Re: Distributivity in Tropashko's Lattice Algebra
Date: 16 Aug 2005 09:28:45 -0700
Message-ID: <1124209725.531067.269850_at_g47g2000cwa.googlegroups.com>
Marshall Spight wrote:
> Mikito Harakiri wrote:
> > Marshall Spight wrote:
> > > Marshall Spight wrote:
> > > >
> > > > In other words,
> > > >
> > > > A join (B union C) == (A join B) union (A join C)
> > > > and
> > > > A union (B join C) == (A union B) join (A union C)
> > > > if and only if A and B have no attributes in common, and
> > > > A and C have no attributes in common.
> > >
> > > Ugh, I said that wrong. It should be
> > >
> > > if and only if A and B have no attributes in common that
> > > are not also in C, and
> > > A and C have no attributes in common that are not also in B.
> >
> > OK, let a, b and c be empty relations with the same headers.
My sloppy language apparently caused your misunderstanding. The same
headers as A, B and C, *correspondingly* but not necessarily the same
among each other.
> > (Formally,
> > we have to equip Relational Lattice with morphism that maps each
> > relation into the empty relation with the same header).
>
> Ha! I have run across this morphism before. I believe it may be of
> some interest. Specifically, there are cases where one wants this
> (arity > 0, cardinality = 0) relation in cases similar to where
> one might think of TABLE_DUM. (arity = 0, cardinality = 0).
Formally, we have lattice homomorphism of Relational Lattice into
Distributive Lattice of empty relations. Header of the relation is
homomorhism invariant. You are absolutely right that this homomorhism
is algebraically join multiplication by the TABLE_DUM. Note however,
that in the article there is a certain controversy about TABLE_DUM and
TABLE_DEE. Apparently, in the attempt to make them symmetrical
TABLE_DUM is defined with arity = 0, cardinality = *1*, and
TABLE_DEE is defined with arity = 1, cardinality = 0
> > Then, your
> > criteria is
> >
> > a union b < c
> > a union c < b
> >
> > (What a terminology mess: a [lattice] union of empty relations is a
> > [set] intersection [that is join] of the relation headers)
>
> I do not consider this a mess! I consider it a piece of extraordinary
> mathematical beauty. Consider: central to the type relation is a set
> of attributes; that is, a relation! The result type of A join B is
> attributes(A) inner union attributes(B). The result type of
> A inner union B is attributes(A) join attributes(B).

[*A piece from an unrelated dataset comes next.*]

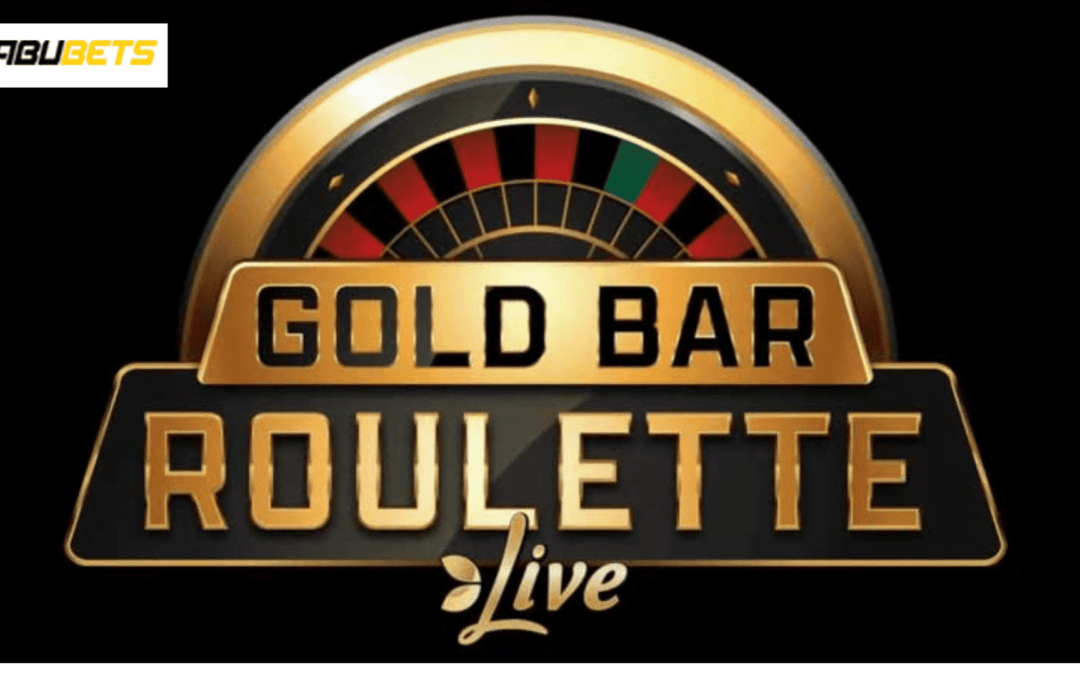 Gold Bar Roulette Babubets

I agree. I simply wrote your criteria with the set operations, and discovered that in order to make it persentable in Relational Lattice terminology I have to switch intersection to (inner) union, and union to join. This is what caused my expression.
> > Replacing < with = we have:
> >
> > (a union b) join c = c
> > (a union c) join b = b
> >
> > Empty relations are distributive (or in normal language relation
> > headers are elements of boolean set algebra).
>
> They are distributive in this case because (as you said above)
> "let a, b and c be empty relations with the same headers." If they
> did not have the same headers, this would not apply. In fact, these
> results are not even *well-typed* unless
It is critical to resolve this misunderstanding, otherwise what I wrote later can't make any sence. Some earlier thread introdiced the small latter notation. Given any relation "A" the small letter counterpart "a" is an empty relation with the same header. Empty relation set is
- Closed under lattice operations. Join and union of the two empty relations is again empty.
- It's a distributive lattice, since it is isomorphic to boolean algebra of set operations on the relation attribute names.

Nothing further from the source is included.